Friday, February 21, 2014
Aidan is turning 11 and my head happens to be spinning
But we pushed through it. Mostly because you don't have a choice. My other two were a walk in the park compared to him. Eventually he settled down, stopped crying, and became as normal as I can expect him to be. He out of all my kids to this day is a Mama's boy. I swear the other two would be fine without me…but not this one. As a mom I should relish in the fact that this kid is so attached to me. But it's not like that for me. I feel bad for him. Because he misses out on a lot being afraid of things and wanting me around for everything. I could almost cry writing about him. As much as I think he has been such a great kid I feel bad that he is a prisoner to anxiety. Always has been. My over thinker for sure. He's afraid of things kids shouldn't be. He has stood back a lot and watched because of over thinking and fear. I have stood back a lot trying to assure him he will be fine but it never works.
So he does awesome in school, never a problem. Does his homework, cares about his work. When he plays sports he puts his all into it. He is a coaches dream. Not to mention a teachers dream. Even goes home and watches "YouTube" videos of pitching baseball over and over….to the point that it drives me insane. Just so he can be the best he can be. I love that he cares so much. I never get anything but compliments about him from coaches and teachers. He wins a knights of guild award every year for being a great student. My other two never got this, so when he gets it they get mad. They say…"How does he get this every year?". But the teachers and the coaches don't see behind the scenes. My baby suffers from extreme panic disorder. He sometimes hyperventilates to the point where I think about taking him to the hospital.

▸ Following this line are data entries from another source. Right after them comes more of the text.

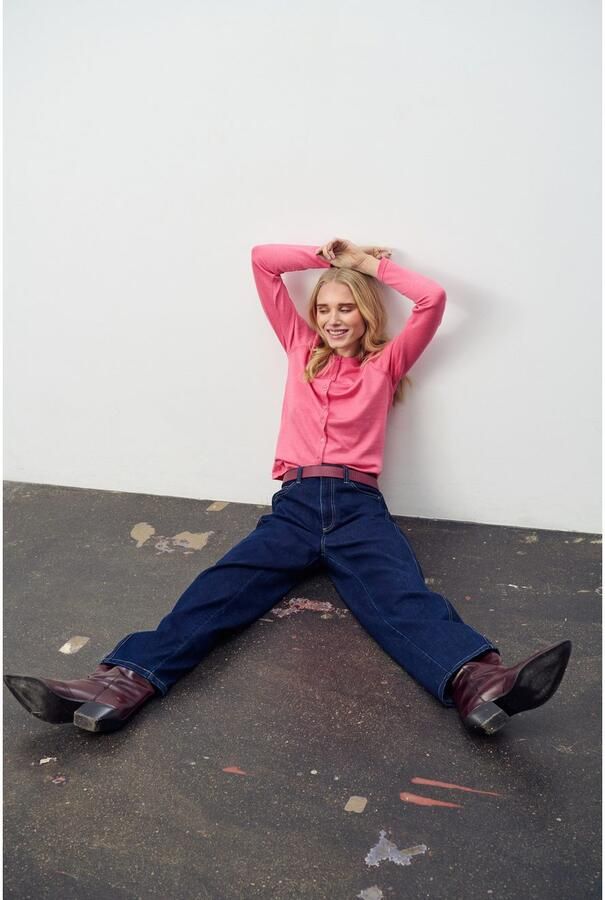 Saint Tropez Vest A8661 MilaSZ R-Neck Cardigan Viscose fijn gebreid Classic Fit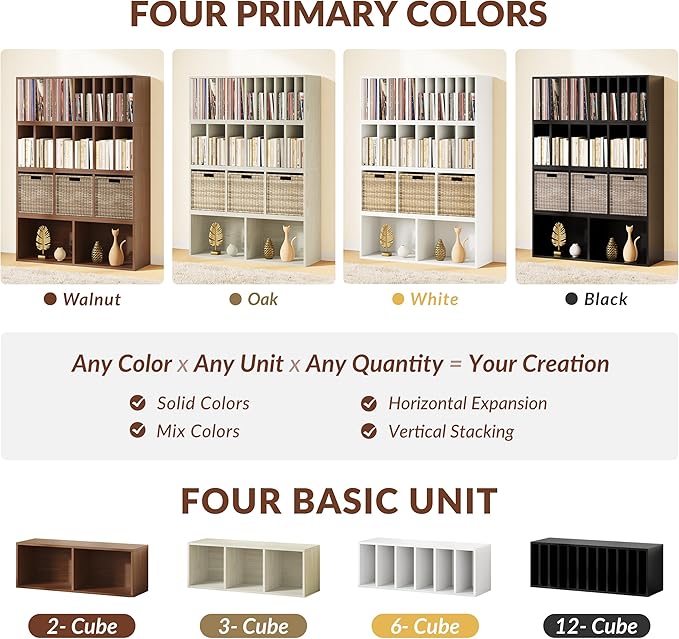 IOTXY DIY Modular Cube Bookcase - CubeXY Customizable Stackable Expandable Combination Set, 23-Cube Open Bookshelf for Books, Fabric Storage Bin, and 7/10-inch Vinyl Record Organizer, Walnut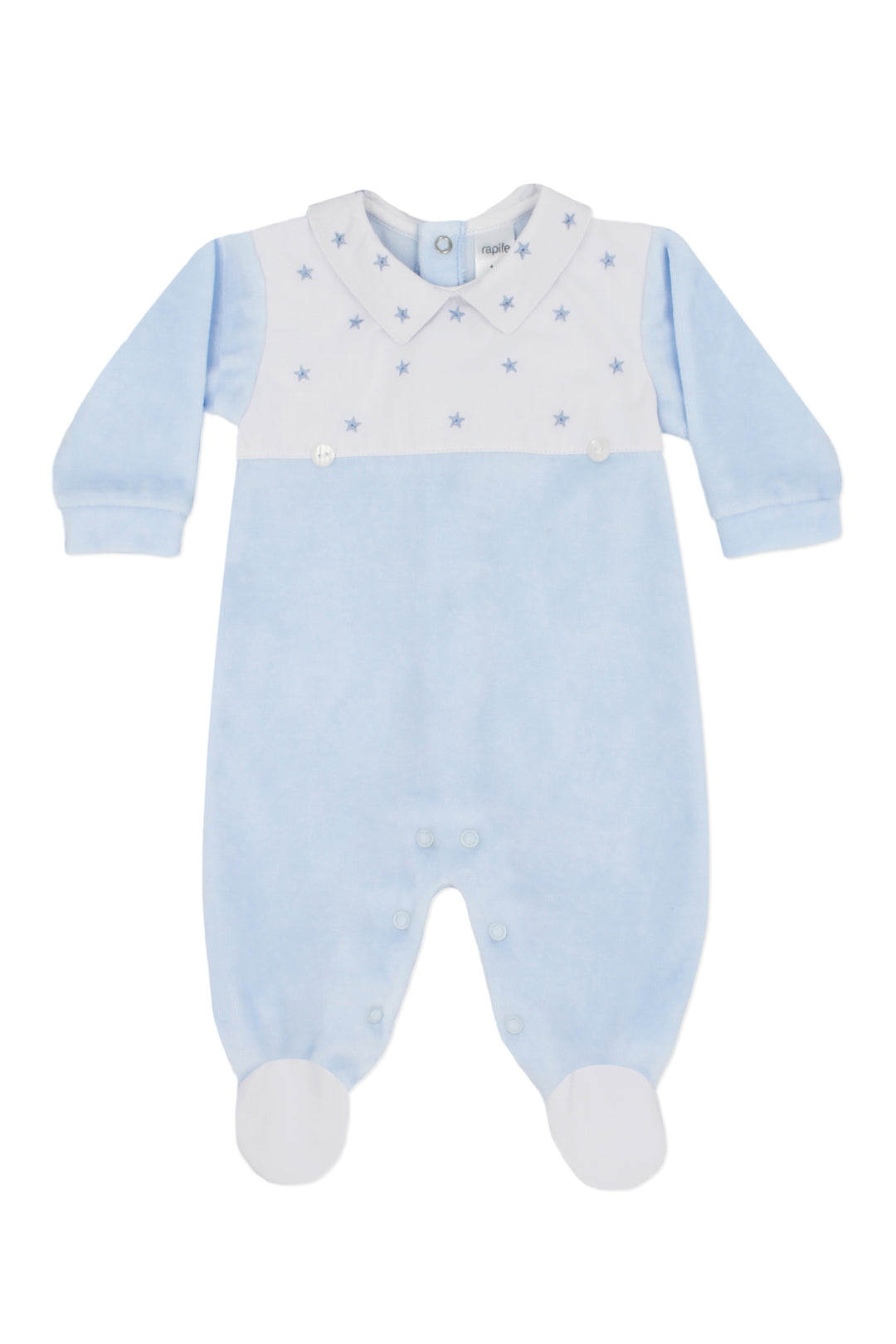 Rapife "Jenson" Blue Velour Star Sleepsuit | Millie and John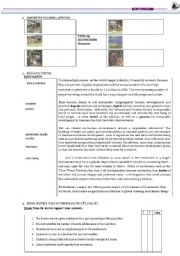 English Worksheet: ECOTOURISM- Reading Comprehension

He fears crazy stuff. The signs were there from the time he was little. He used to not wear a shirt outside because he thought those big black birds would carry him off. I used to laugh at his silly thoughts until I realized they were true fears to him. Fears that made him feel crazy. It became real to me when he started school. I was not used to a kid crying about going to school. At least not after the first two days. This kid is in the fifth grade now. I have been dealing with him being afraid to go to school for six years now. He doesn't fear school. For some strange reason he fears something will happen to me while he is at school. When I talk to him about why he is upset he always says.."If something bad happens, I can't get to you". Woe is me, that's a big thought. One that would have scared me if I really thought about anything besides boys at his age. I don't understand it but after therapy they say it's real to him. Breaks my heart in a way.

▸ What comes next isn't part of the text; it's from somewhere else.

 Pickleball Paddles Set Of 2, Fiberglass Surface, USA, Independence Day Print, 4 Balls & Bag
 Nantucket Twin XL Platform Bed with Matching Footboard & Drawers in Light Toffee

He has had some really big attacks. Shaking uncontrollably. I could hardly get him to calm down. When this happens as a parent you feel so helpless, nothing you can say is helping. I can't even describe how heartbreaking it is….never went through this with his brothers. So until you see this first hand you have no idea how bad it is. I find myself crying after these spells….feeling defeated and broken. I have had conversation after conversation with teachers and doctors about him. Most of his teaches say his day starts out bad but ends up alright. Made me sad when one teacher told me he hid under a hoodie crying the first hour of school. But I have to make him go….hoping that he will finally be ok. He is a popular kid, I guess the kids don't notice his issues yet. I have this fear that someday they will and make fun of him. A doctor once told me his brain was not working right. So he talked me into medication for him. At this point my mornings had become so bad I would have tried anything. I was hoping he would just get help with coping. But this doctor assured me that meds were the way to go. I do believe that to be true for a lot of people but he was so little at the time.

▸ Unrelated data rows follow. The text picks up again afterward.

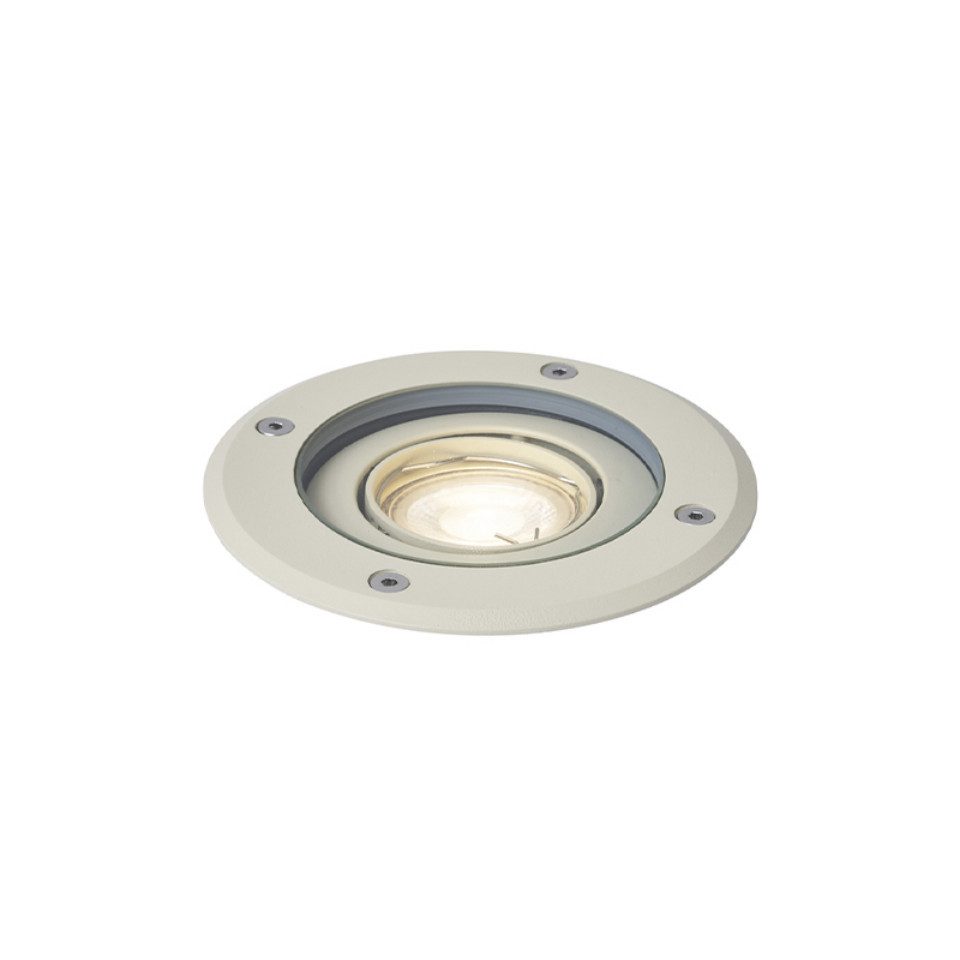 Qazqa Gartenstrahler Delux, ohne Leuchtmittel, GU10, Beige, Modern, Aluminium, 1-flammig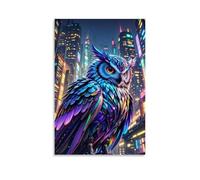 HHYXMJLL Animal Poster Featuring Owl on A Cityscape Background Stylish Wall Hanging Art - Decorative Poster Mural08x12inch(20x30cm)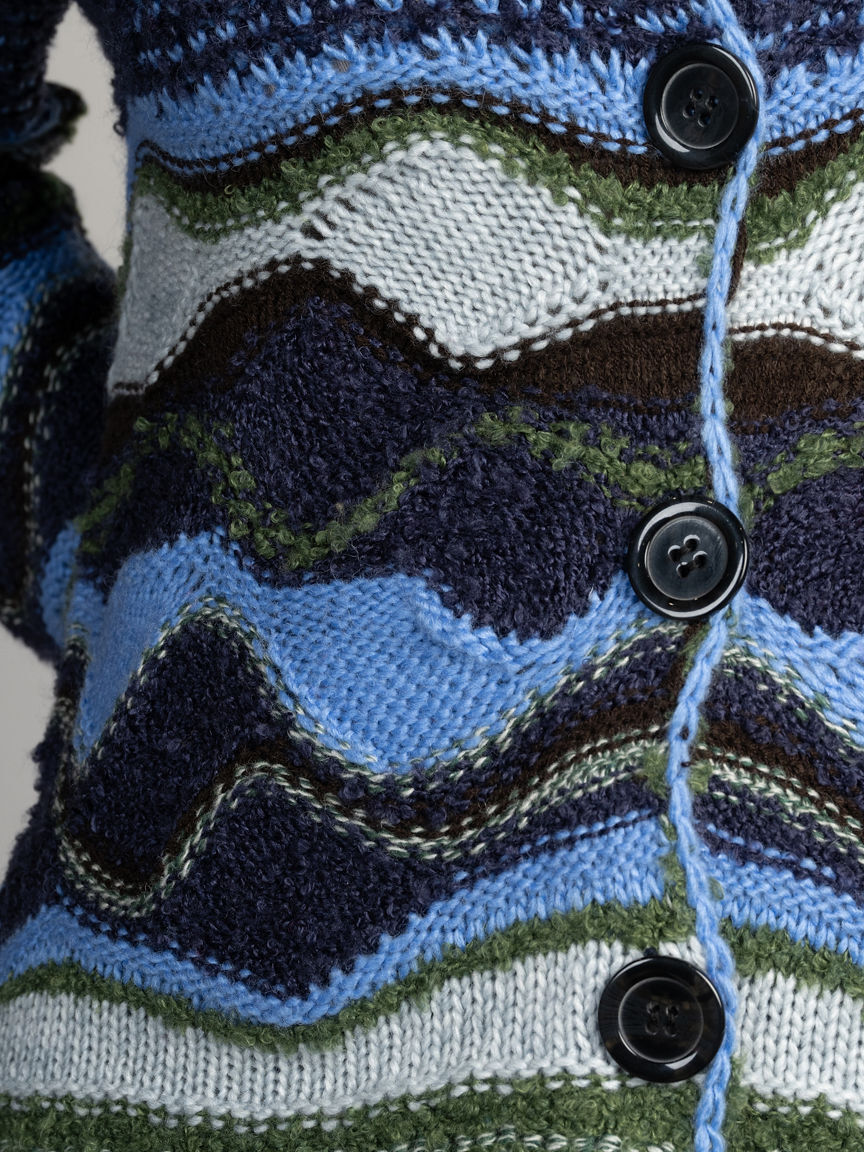 Scalloped Knit Button Up Cardigan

I put him on meds….hoping for the best. My biggest hope was that he would do sleep overs and normal kid stuff without freaking out. Plus go to school and feel normal and calm. I hate that he is in turmoil most days. The first week was good, he seemed calmer. Went to school with no issues. But then he started humping the air, acting like an animal…crawling around like a weirdo, and peeing in the yard. Not to mention extreme stomach pain. Wanted to go streaking naked through the hood. Yes, he was not afraid…but um…streaking naked and peeing in the yard??? I thought shit…this is weird. This was not at all my Aidan. So I took him off the meds. I'm sad cause at his age he's missing sleepovers, roller coasters, and just being a carefree kid. Today we deal with panic almost everyday. Not extreme ones…those happen every few months. But when they happen they are bad. But still a panic feeling everyday. When he gets a little older I will try meds again. but I'm truly heartbroken this kid can not just be kid sometimes! He misses a lot. But, he's the greatest gift I was never expecting. Wouldn't change a thing…except his panic! One of his most favorite teachers once told me……"Aidan…is one of those kids you see once in awhile when you teach…..an over thinker for sure….yes your dealing with a lot with him now…but mark my words if you coach him through this he will do great things in life"! Wow, I hope he is right….cause so far nothing has worked out the way I pictured in my head as a girl. When things get bad and I feel helpless I hold on to those words that teacher told me. I only hope for all my kids they will be healthily , happy, and of course wealthy…..mama's going to need some work after raising three boys! Happy Birthday to my worry wort…aka..pig pen!